There is a number of regional variants of Latvian masked processions. Rooted in ritual traditions, by the end of the 19th century, they started losing their religious meaning turning more into an entertainment and gradually they were disappearing, kept by small groups of enthusiasts in some rural regions of Latvia. With the rise of the folklore movement by the end of the 1970s these traditions were revived, and there are several folkloric groups that are trying to reconstruct these, in cooperation with researchers.

Ķekatas (Ķekatas iešana, "stilt walking", "stilt strolling") is a Latvian folk tradition of masked processions. The participants, called Ķekatnieki (singular: Ķekatnieks) wearing various masks went from one homestead to another giving blessings and driving away evil spirits.

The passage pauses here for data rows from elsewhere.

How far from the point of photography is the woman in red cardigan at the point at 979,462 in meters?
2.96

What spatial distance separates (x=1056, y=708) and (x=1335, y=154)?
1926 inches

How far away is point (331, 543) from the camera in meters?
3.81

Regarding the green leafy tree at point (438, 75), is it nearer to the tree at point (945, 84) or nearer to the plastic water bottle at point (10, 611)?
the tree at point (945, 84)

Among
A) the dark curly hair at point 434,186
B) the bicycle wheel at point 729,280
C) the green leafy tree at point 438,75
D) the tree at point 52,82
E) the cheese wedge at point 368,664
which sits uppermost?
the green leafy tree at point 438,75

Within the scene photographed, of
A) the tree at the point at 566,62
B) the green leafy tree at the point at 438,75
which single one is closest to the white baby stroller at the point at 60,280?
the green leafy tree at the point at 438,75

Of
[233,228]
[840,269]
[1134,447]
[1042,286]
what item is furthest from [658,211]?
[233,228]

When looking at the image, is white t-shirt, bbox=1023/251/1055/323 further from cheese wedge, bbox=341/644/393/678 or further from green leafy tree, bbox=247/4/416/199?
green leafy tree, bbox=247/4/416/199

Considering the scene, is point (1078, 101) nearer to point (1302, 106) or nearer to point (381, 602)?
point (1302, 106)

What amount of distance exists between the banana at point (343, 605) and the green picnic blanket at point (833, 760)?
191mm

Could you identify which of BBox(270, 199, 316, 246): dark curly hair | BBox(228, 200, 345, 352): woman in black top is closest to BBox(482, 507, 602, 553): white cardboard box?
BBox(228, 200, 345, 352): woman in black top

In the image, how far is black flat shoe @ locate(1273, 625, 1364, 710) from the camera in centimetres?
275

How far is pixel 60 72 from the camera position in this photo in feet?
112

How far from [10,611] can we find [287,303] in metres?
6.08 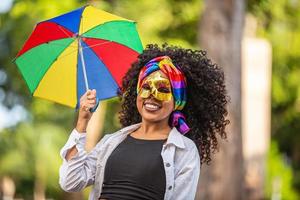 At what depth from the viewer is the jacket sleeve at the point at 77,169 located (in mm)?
5277

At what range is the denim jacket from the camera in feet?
17.2

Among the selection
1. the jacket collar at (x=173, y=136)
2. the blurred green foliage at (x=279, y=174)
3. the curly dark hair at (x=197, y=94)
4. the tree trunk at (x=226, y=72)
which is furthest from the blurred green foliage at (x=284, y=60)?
the jacket collar at (x=173, y=136)

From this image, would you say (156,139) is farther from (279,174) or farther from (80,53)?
(279,174)

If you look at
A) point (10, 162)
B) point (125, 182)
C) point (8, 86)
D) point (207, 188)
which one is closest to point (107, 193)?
point (125, 182)

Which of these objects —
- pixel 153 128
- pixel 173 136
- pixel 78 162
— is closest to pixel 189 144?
pixel 173 136

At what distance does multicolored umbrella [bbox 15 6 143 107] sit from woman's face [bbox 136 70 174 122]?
659 mm

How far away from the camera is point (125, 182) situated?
526 cm

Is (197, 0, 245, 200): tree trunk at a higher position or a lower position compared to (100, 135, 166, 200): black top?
higher

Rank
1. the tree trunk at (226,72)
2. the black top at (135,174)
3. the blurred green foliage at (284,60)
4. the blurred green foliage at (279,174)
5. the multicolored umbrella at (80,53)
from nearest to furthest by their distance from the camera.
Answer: the black top at (135,174)
the multicolored umbrella at (80,53)
the tree trunk at (226,72)
the blurred green foliage at (284,60)
the blurred green foliage at (279,174)

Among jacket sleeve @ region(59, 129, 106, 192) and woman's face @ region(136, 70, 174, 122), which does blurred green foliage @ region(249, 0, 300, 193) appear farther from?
jacket sleeve @ region(59, 129, 106, 192)

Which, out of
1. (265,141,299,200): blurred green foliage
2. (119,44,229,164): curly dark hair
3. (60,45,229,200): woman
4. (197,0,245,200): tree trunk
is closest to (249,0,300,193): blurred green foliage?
(197,0,245,200): tree trunk

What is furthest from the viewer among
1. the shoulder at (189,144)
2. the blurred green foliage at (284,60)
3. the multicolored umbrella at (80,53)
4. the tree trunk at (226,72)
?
the blurred green foliage at (284,60)

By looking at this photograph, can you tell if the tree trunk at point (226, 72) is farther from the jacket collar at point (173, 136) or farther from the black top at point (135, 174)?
the black top at point (135, 174)

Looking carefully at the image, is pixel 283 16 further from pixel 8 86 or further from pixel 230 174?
pixel 8 86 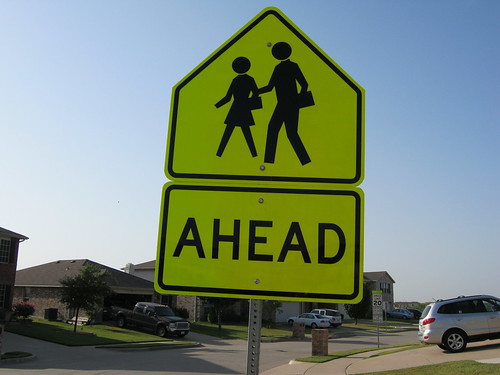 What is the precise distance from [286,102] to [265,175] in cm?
36

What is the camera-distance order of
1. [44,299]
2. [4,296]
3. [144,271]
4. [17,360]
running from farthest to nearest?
[144,271] → [44,299] → [4,296] → [17,360]

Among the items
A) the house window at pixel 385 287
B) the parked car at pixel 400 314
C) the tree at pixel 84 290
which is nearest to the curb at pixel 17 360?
the tree at pixel 84 290

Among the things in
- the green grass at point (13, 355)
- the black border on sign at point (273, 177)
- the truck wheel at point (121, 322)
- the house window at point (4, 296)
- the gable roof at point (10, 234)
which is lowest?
the green grass at point (13, 355)

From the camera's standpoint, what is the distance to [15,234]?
3419 centimetres

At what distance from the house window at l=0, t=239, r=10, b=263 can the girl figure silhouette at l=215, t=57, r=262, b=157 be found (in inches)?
1408

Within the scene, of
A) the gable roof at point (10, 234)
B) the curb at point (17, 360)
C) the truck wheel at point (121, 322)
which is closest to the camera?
the curb at point (17, 360)

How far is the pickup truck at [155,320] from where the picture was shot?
3169cm

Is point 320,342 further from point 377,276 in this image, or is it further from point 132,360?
point 377,276

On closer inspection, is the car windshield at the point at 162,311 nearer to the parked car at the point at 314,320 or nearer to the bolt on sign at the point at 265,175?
the parked car at the point at 314,320

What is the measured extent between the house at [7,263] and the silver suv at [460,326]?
89.4 ft

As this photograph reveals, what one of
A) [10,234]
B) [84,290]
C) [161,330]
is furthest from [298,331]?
[10,234]

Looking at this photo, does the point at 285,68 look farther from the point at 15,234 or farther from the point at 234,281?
the point at 15,234

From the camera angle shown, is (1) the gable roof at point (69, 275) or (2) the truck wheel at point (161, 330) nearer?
(2) the truck wheel at point (161, 330)

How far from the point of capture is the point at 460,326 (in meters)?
17.4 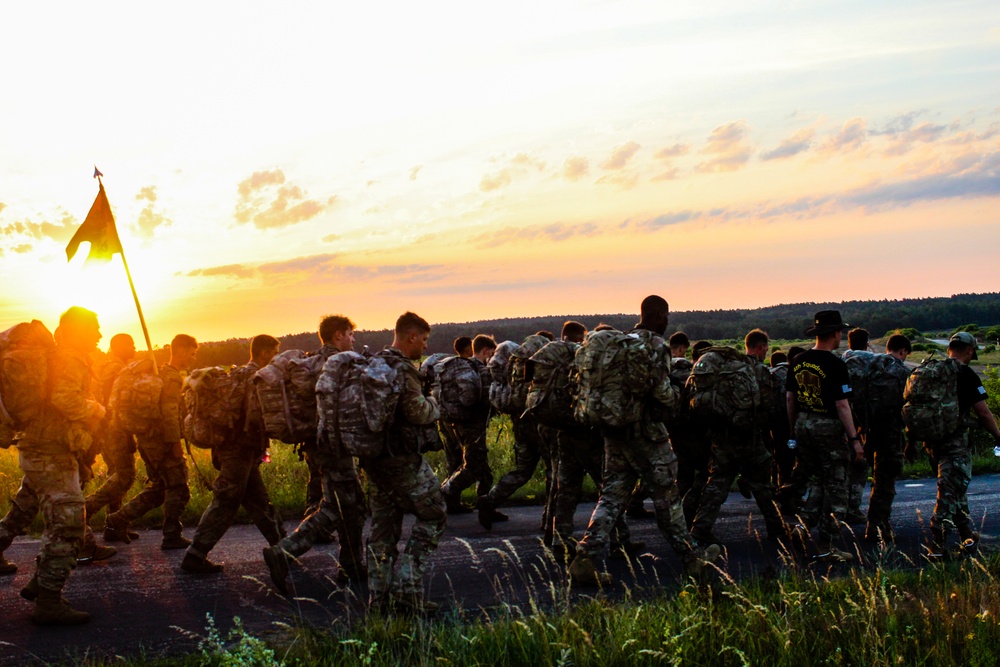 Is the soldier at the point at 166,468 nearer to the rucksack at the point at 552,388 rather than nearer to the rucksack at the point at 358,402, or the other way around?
the rucksack at the point at 358,402

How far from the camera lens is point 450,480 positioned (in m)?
11.9

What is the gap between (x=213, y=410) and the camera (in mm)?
8641

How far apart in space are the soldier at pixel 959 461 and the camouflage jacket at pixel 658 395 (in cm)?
320

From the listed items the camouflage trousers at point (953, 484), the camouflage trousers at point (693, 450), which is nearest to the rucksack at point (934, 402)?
the camouflage trousers at point (953, 484)

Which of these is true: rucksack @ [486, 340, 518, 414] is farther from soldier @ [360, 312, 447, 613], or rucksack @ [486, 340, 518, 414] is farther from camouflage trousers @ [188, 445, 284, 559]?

Since the old times they happened in autumn and winter, when all farmers' work is done any time from St. Martin's Day to Meteņi, depending on the region. The tradition is also associated with Christmas time, similar to mummering-like traditions in other places. In fact, one of the names of the mask procession tradition is kaļadas, borrowed from Slavic Koleda. Other names used in other parts of Latvia include budēļi and čigānos iešana (gypsy walking). These traditions differ not only by the name, but the behavior as well. Masks represented evil beings, animals, objects (haystack, sheaf), people, often stereotyped (little man and tall woman, pauper/beggar, gypsy, Jew)

The gypsy walking, mostly with gypsy masks, but also with other Ķekatas masks is also associated with festivals and wedding parties.

The name of the Zemgale tradition "budēļi" comes from the word "budīt", "budināt" - to awaken, arouse, and the meaning of the tradition is to awaken the nature and people during the spring holiday of Meteņi to a new life cycle.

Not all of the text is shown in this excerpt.